WMSPanel failures status

This pages keeps track of infrastructure failures of WMSPanel cloud service.

We believe that being transparent about our problems and their solutions is the best way to make sure our customers are confident about the future of our products and services.

October 25, 2018 - Rackspace load balancer network issue

On October 25th WMSPanel support detected packet loss from all our Rackspace servers to ObjectRocket database service. Rackspace has pulled in additional resources and are all hands on this to resolve this ASAP.

They managed to isolate the issue on the load balancers layer of DFW3 region and were actively working on remediating the issue to resolve full connectivity.

You can read issue description at ObjectRocket status website.

WMSPanel application layer handled this infrastructure failure. There was a brief interruption in Web UI and API access, also some accounts were missing retrospective stats on the main dashboard during that malfunction. Daily stats were not affected however.

What has been done?

Once the balancers were back, WMSPanel users could access the panel and check stats.
However, we've made a few additional enhancements to make this kind of outages less impactful on user experience.

October 19, 2018 - ObjectRocket database failure

WMSPanel team uses one of the most reliable hosting providers - Rackspace. We rely on their several services like Rackspace cloud hosting for handling applications layer and ObjectRocket for handling MongoDB database which is used for processing and storage of statistics and servers settings. Currently WMSPanel infrastructure relies on one of DFW datacenters located in Dallas, Texas.

On October 19th, Rackspace planned to run the migration from DFW1 to DFW3 datacenter. The expected downtime is equivalent to an election/stepdown (15-60 seconds). After cutover would have been completed, ObjectRocker was supposed to let us know to update our connection strings for MongoDB.

The problem occurred with the migration itself - the instances took longer to finish the maintenance. The process used for migration was not a dump/restore, but rather a sync data from DFW1 to DFW3. ObjectRocket team programmatically moved over the config servers, then began a sync from old instance to new one.

So having connected to the instances, our application servers couldn't find data about active servers in respective DB collection. According to our business logic, when server sync up to WMSPanel and its ID cannot be found in our database, it's considered as removed from account control panel. In this case WMSPanel responds with proper command which tells the server to stop sending sync-ups.
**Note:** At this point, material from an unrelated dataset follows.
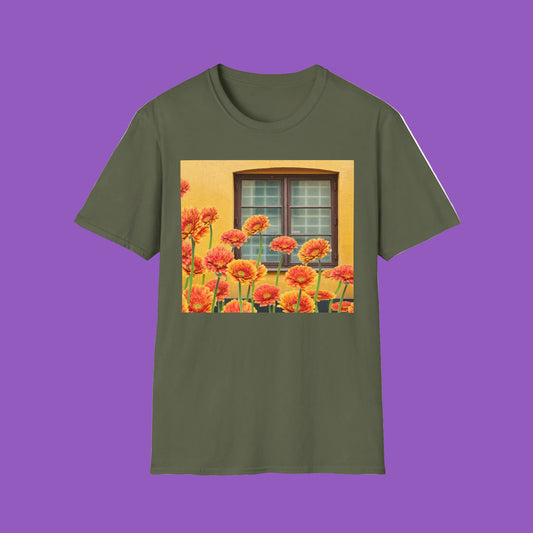 Vibrant Flower Catalina Window Tee - Unisex Softstyle T-Shirt, Floral Graphic Shirt, Spring Fashion, Gift Idea, Art Lover's Top, Summer Outfit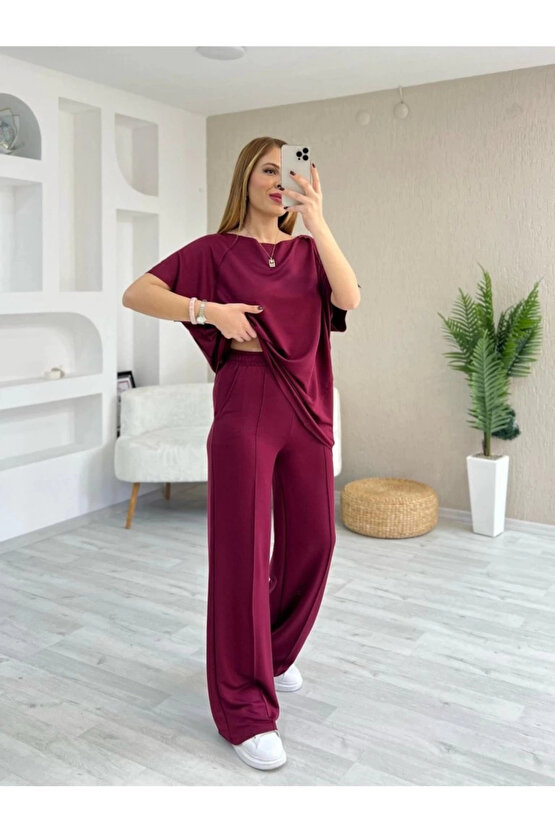 MDB Kadın Kısa Kollu Kayık Yakalı Dikiş Izi Detaylı Viskon Iki Iplik Bluz Ve Pantolon Ikili Takım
The database didn't get servers list for about 10 minutes. Each server sends sync-ups each 30 seconds, which means that all the active servers received "stop syncing" response and had switched off from WMSPanel.

By the time was discovered, the database was populated already, so every server which tried to sync up with WMSPanel after that time, could work with WMSPanel successfully. This is why we asked all of our customers to restart their Nimble Streamer and Wowza server instances so they could appear in clients' accounts at the first sync.

What has been done to prevent this in future?

Of course, right after this huge failure, we made proper fixes on our application layer which now prevent WMSPanel from immediate sync stop if the server is not in our database, but make several different checks before doing that. In addition to that, we have automated alerts which notify our support team in case of irregular amount of servers are being shut off.

These additional procedures give us more confidence for better user experience even in case of some database un-integrity.